The celebration of sibling love is based on a story featuring the supreme Hindu god, Lord Krishna. According to legend, he cut his finger on his sudarshan chakra (a circular weapon). His sister ripped her sari and used it to bandage her brother’s injury. Inspired by her act of love, Lord Krishna swore always to protect his sister.

How: 

Siblings tie a special red thread, called a ‘rakhri’, on to each other’s wrists. This symbolises protection, which historically was the physical protection provided by men to their sisters, and only men would receive a rakhri. Nowadays, both brothers and sisters receive a rakhri.

We always love to hear from customers about their own celebrations. Please get in touch if you have observed any of August's festivals and would like to share stories or photos with us!


Meet The Team: Portuguese and English Interpreter, Helga

Every month, we introduce you to one of our team. This month, meet Helga, one of our freelance interpreters, working in Portuguese and English.

1)   Tell us about the role you do for TLS   

I’ve worked as an interpreter for The Language Shop for over a decade. My role is to facilitate, through interpreting, the communication between an English speaker and a non-English speaker in different settings like the National Health Service, Police, Education etc.

2)   What's been your favourite project at TLS?

My favourite project at The Language Shop was interpreting with Shelter. I really felt that I was supporting people at very vulnerable times in their lives while they're going through homelessness, distress and mental affliction.

3)   What has been your biggest challenge?

The biggest challenge of an interpreter is unpredictability. Every assignment is different so as an interpreter it's necessary to be adaptable to any kind of settings such as courtrooms or out and about in the community. Also, to be mindful and alert.

4)   If you didn’t do your current job, what would you like to do ?

If I was not working as an interpreter I would have been a fashion designer.

5)   Tell us something interesting about you.

Something interesting about me is that I like playing table tennis.

6)   If you could meet someone, living or dead, who would it be and why?

If I could meet someone it would be Oscar Wilde. He was true to himself, creative with words and with his style too. He was an influencer of his time.

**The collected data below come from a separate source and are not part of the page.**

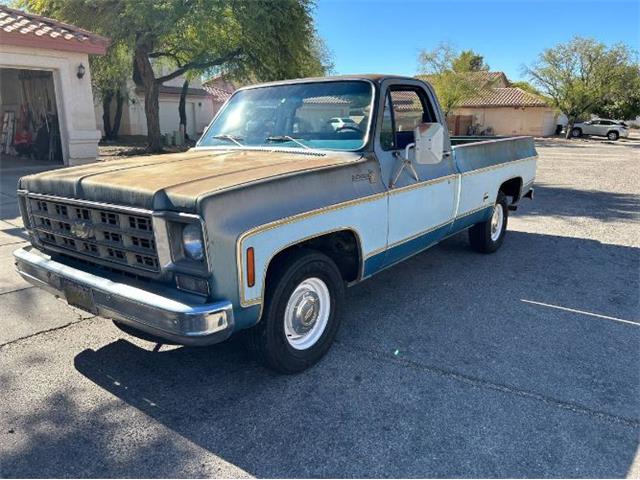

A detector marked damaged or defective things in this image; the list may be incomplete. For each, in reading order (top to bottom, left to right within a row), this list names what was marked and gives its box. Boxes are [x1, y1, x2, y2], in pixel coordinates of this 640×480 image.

rust patch on hood [18, 149, 360, 211]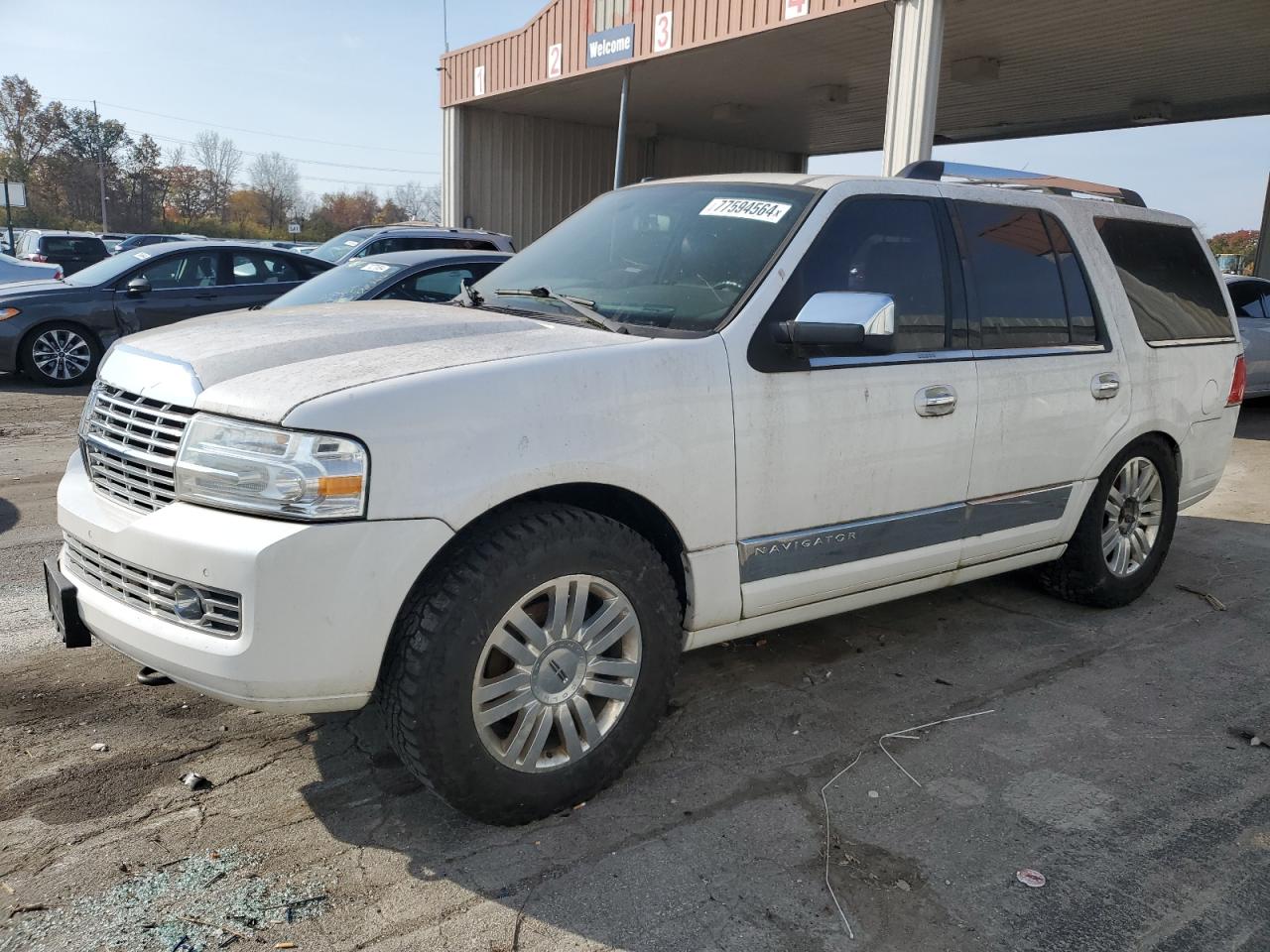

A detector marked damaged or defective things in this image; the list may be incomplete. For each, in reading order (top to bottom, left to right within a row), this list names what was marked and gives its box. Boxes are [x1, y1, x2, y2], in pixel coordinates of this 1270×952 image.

cracked pavement [2, 375, 1270, 948]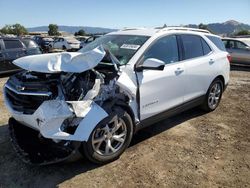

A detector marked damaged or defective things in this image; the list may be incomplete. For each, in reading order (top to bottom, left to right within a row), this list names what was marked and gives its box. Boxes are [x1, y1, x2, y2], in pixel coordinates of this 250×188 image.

crumpled hood [13, 46, 105, 73]
damaged front end [3, 46, 137, 164]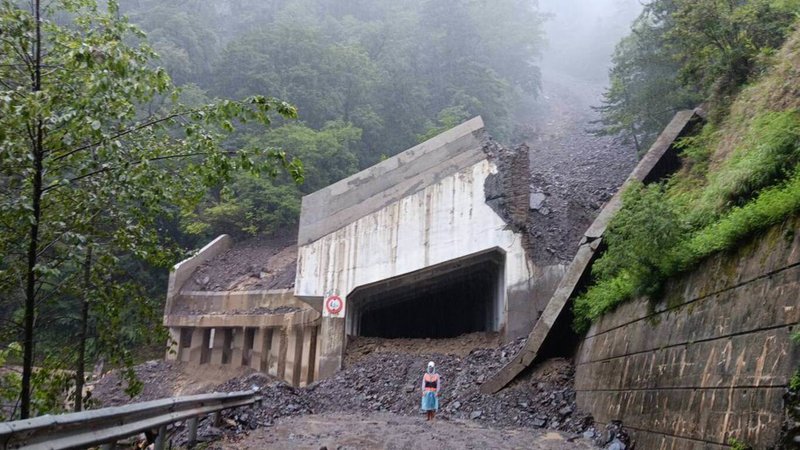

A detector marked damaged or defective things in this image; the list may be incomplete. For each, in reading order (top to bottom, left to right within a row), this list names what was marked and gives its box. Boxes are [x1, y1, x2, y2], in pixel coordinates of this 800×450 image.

damaged concrete structure [163, 236, 322, 386]
damaged roof edge [296, 114, 488, 244]
damaged concrete structure [294, 118, 556, 378]
broken concrete wall [576, 217, 800, 446]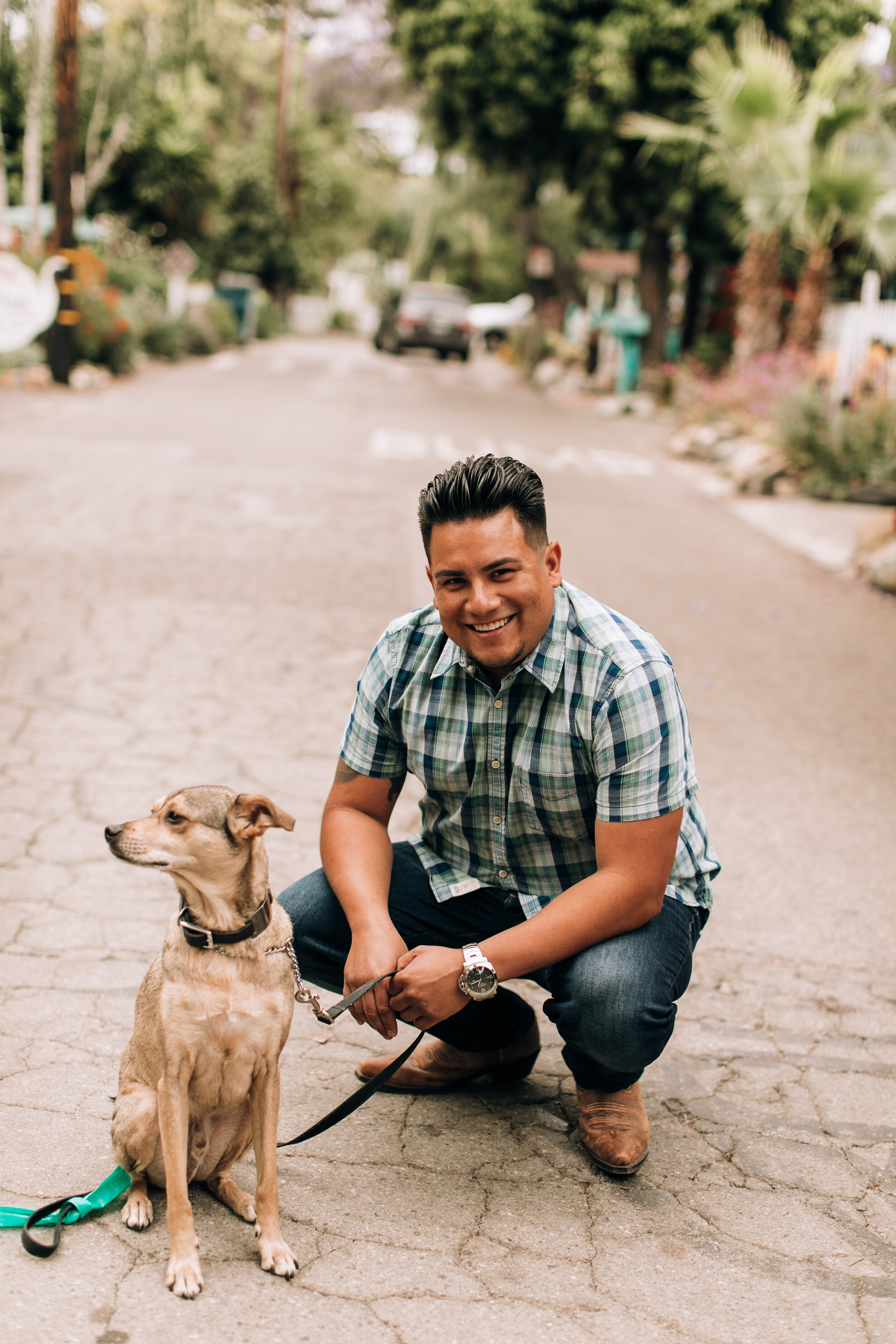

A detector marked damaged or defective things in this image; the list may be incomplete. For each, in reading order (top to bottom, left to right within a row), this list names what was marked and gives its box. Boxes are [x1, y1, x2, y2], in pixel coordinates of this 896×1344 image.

cracked asphalt road [1, 339, 896, 1344]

I think I could learn and laugh a lot with him, what a great mind.

7)   What are your ambitions for the rest of the year?

In the next 12 months I am planning to do further studying in translating so that I can improve my skills as an interpreter.

If you would like to be profiled, or know someone else who would, please get in touch by emailing zainub.patel@newham.gov.uk


EU remote interpreters on strike

Interpreters working remotely for the EU made the decision to strike, in protest at what they describe as poor working conditions.

Restrictions over the last two years of the pandemic led to a huge increase in remote interpreting. With that change came protections for interpreters, including time limits on assignments, to protect against hearing damage.

Now these restrictions have been lifted, whereas remote working remains. Interpreters’ complaints about this include poor broadband connections, noisy environments and substandard equipment impeding their ability to do a good job, as well as hearing damage reported by approximately 100 staff interpreters.

One interpreter described the situation colourfully: “It’s like driving at night under the rain versus travelling by day under good weather. You get to your destination at the same hour, but in the first case, there’s a growing risk of accident and increased fatigue once you get there.”

In response to the strike, the EU brought in temporary workers, which, according to the striking delegation of interpreters, were not accredited and risked compromising quality.